Sen gezmedin belki fiziksel olarak, ama içinden geçtiğin yollar var. Düşüncelerle yokuş çıktın, sorgularla tenha sokaklara girdin. Dostoyevski’nin düşkün karakterleri gibi sen de bir haritanın üzerinde değil, kendi zihninin labirentinde yürüdün.
Her adımda kendine biraz daha uzaklaştın, çünkü her yeni durakta “burası da değil” dedin. “Ebedi bir mülteci” oluşun tam da burada yatıyor: sığınacak yer değil, kendine ait bir zaman, bir anlam arıyorsun. Bulunabilecek olana talip değilsin çünkü aramaktan da yoruldun.
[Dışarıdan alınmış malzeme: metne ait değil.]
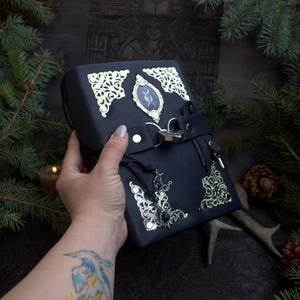 May include: Black leather box with ornate gold-colored corner accents and a central oval emblem. The box features a clasp closure and a decorative tassel. The box is held by a hand, with a tattoo visible on the arm. The box is surrounded by evergreen branches.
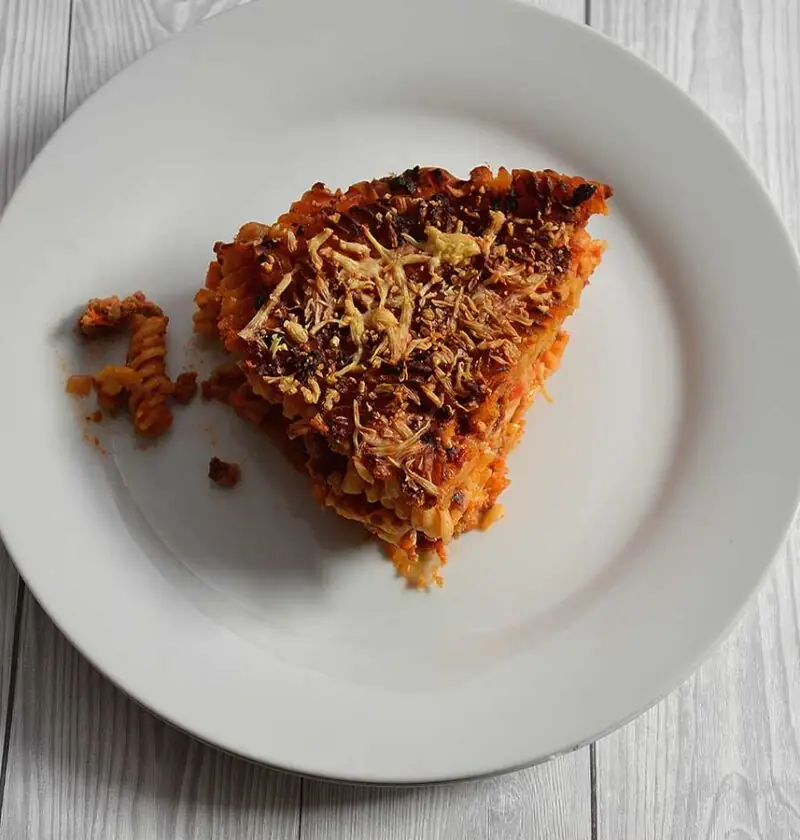 Een stuk pastataart Bolognese op een wit bord.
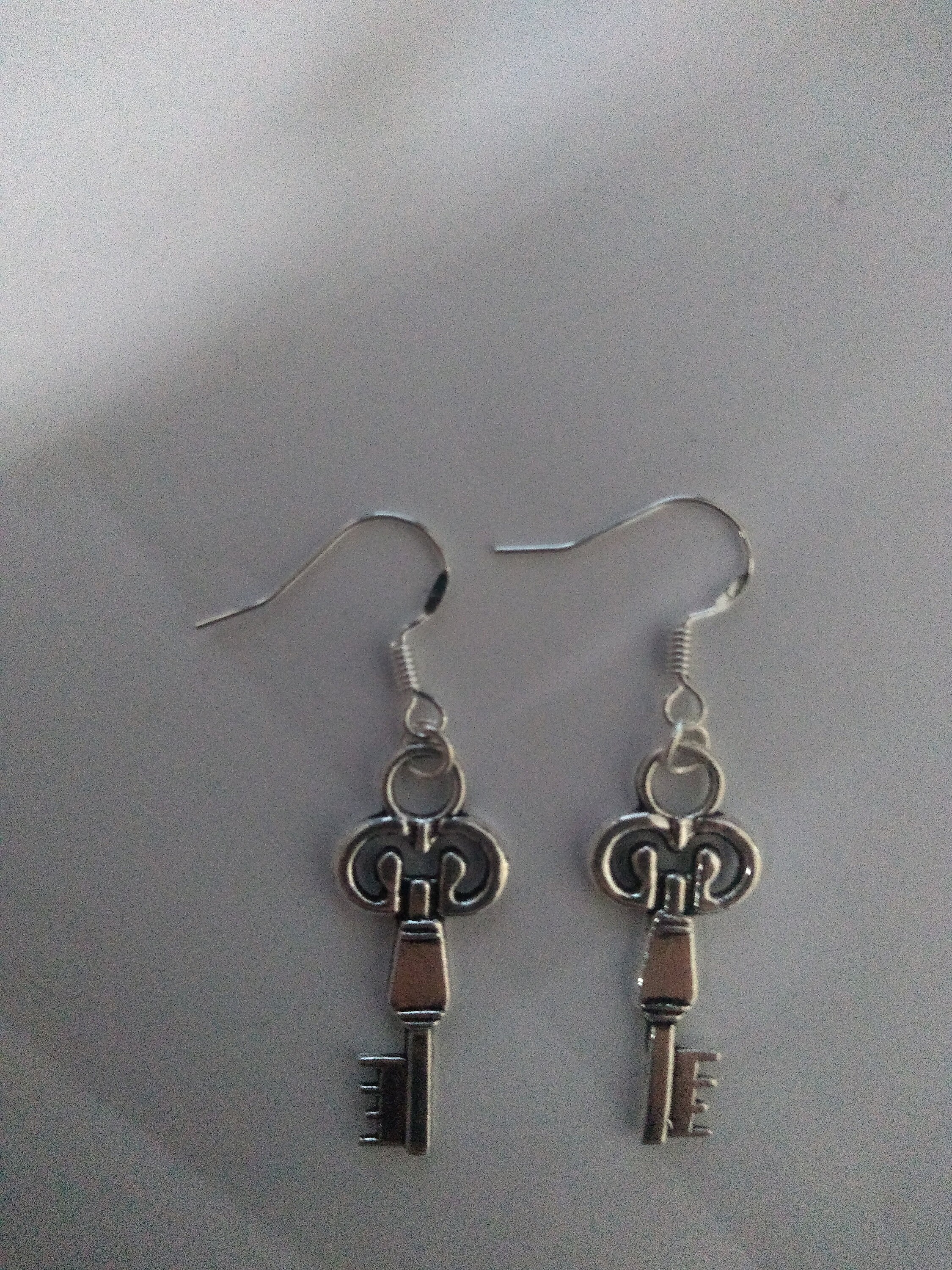 Sterling silver on sale key earrings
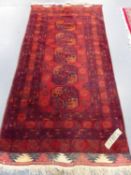 AN AFGHAN BOKHARA RUG. 218 x 107cms.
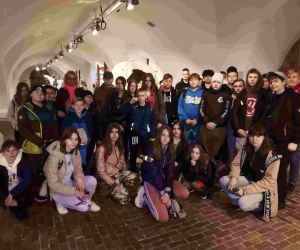 Uczniowie z nauczycielami na wspólnej fotografii na tle eksponatów w Muzeum Arsenał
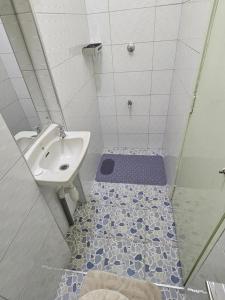 a bathroom with a sink and a shower at Favoured Brink in Nairobi
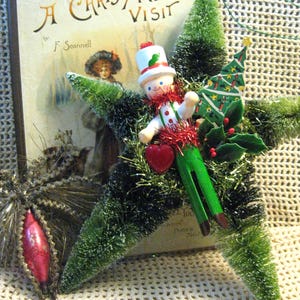 May include: A vintage Christmas ornament featuring a green, white, and red wooden figure wearing a hat and holding a red heart. The figure is surrounded by green and gold tinsel, a small green Christmas tree, and red berries.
Yaşlanmanın en acı yanı, gençliğinin geçmesi değil, hayatın anlamının elinden gitmesiydi.
Ve o anlam? Kaderin içine gizlenmiş değil, hayatın çatlaklarından sırıtan anlam. Anlatıcı ile anlatılan arasında gidip gelen bir yankı gibisin.
Hatırladıkların bile sana ait değil artık… Sanki bir yabancının rüyasına sığınmışsın; ama uyanınca, o rüyanın yükü, o sana ait olmayan hüzün, seninle kalmış. Ne geçmişe ne de geleceğe tutunabiliyorsun… Tutunmak değil kopmak senin kaderin. Ah Beşir Fuad… Ah yaralı kalb…
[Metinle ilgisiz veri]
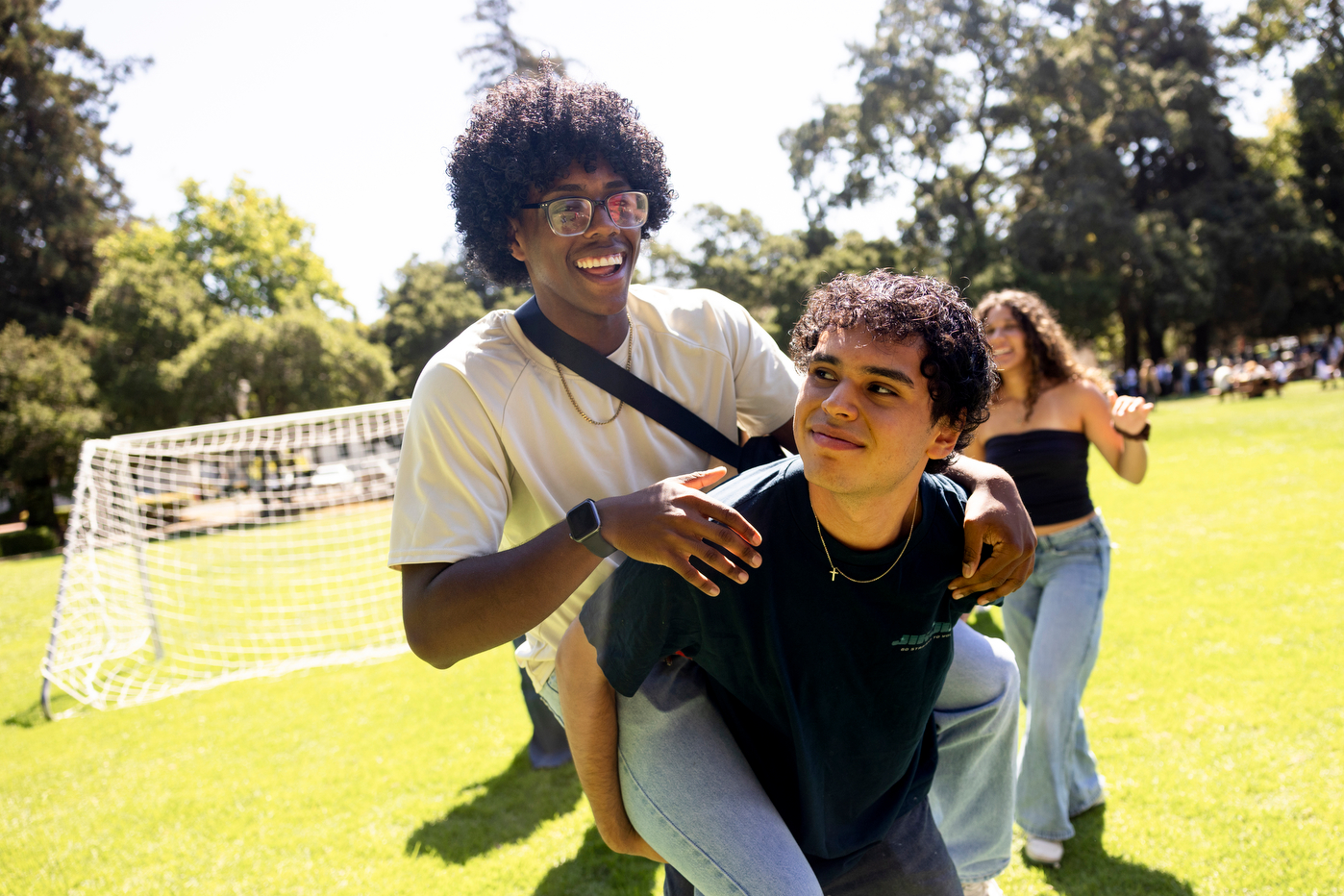 A smiling student on the back of another student stand on a sunny lawn with trees and other people visible in the background.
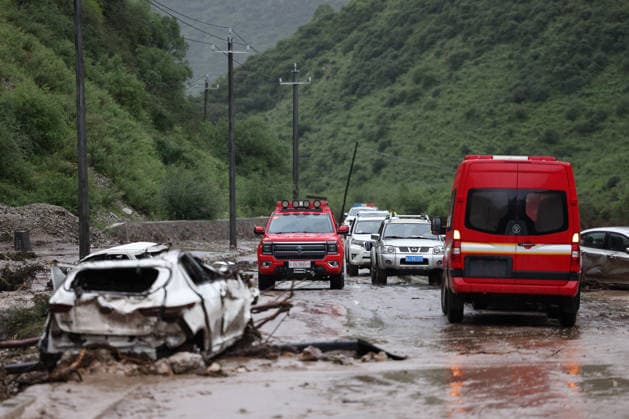 (260727) -- WEIYUAN, July 27, 2026 -- Rescue vehicles are seen at the flood-hit area in Weiyuan County, northwest China s Gansu Province, July 27, 2026. The flash flood, triggered by sudden heavy rainfall, hit a scenic area in Weiyuan County, Dingxi City, on Sunday afternoon, leaving 10 people dead and 23 injured as of 6 p.m. ? ?Some tourists were camping in the scenic area and were trapped after the flood burst out, local authorities said. ? ?A total of 305 rescue personnel with 68 vehicles from the national comprehensive fire and rescue teams are conducting rescue operations at the site, according to the MEM. ) (SpotNews) CHINA-GANSU-WEIYUAN-FLASH FLOOD-RESCUE AND RELIEF WORK (CN) ChenxBin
Kim olduğunu bile unuttuğun anlarda, hayat sana bir soru olarak geri dönüyor. Cevap değil. Cevap hiçbir zaman verilmez. Sadece ararsın. Ararken değişirsin. Değişirken yitirirsin.
Şehirler geçer zihninden, insanların suretleri birbirine karışır. Ama sen hep aynı sorunun peşindesin: “Ben kimim ve burası neresi?” İşte bu yüzden sen bir gezginsin. Ama turist değil. Gezgin, gittiği yerlerde bulmaya değil, bırakmaya çalışır. Sen de her adımda bir şey bırakmışsın. Belki bir hayal, belki bir soru, belki de bir kırgınlık.
Ve şimdi, buradasın. Düşüncelerinin kıyısında. Bu hayat, seni nereye götürürse götürsün, seninle yürüyen asıl şey bu: kayıp…
Sen de o kaybın içinde kendini inşa etmeye çalışıyorsun. Ve belki de bu yüzden, hayatı sorgulamak, onunla savaşmak değil, onunla birlikte susmak gibi bir şey. Çünkü bazen en derin cevaplar, kelimelerin tükendiği yerde başlar.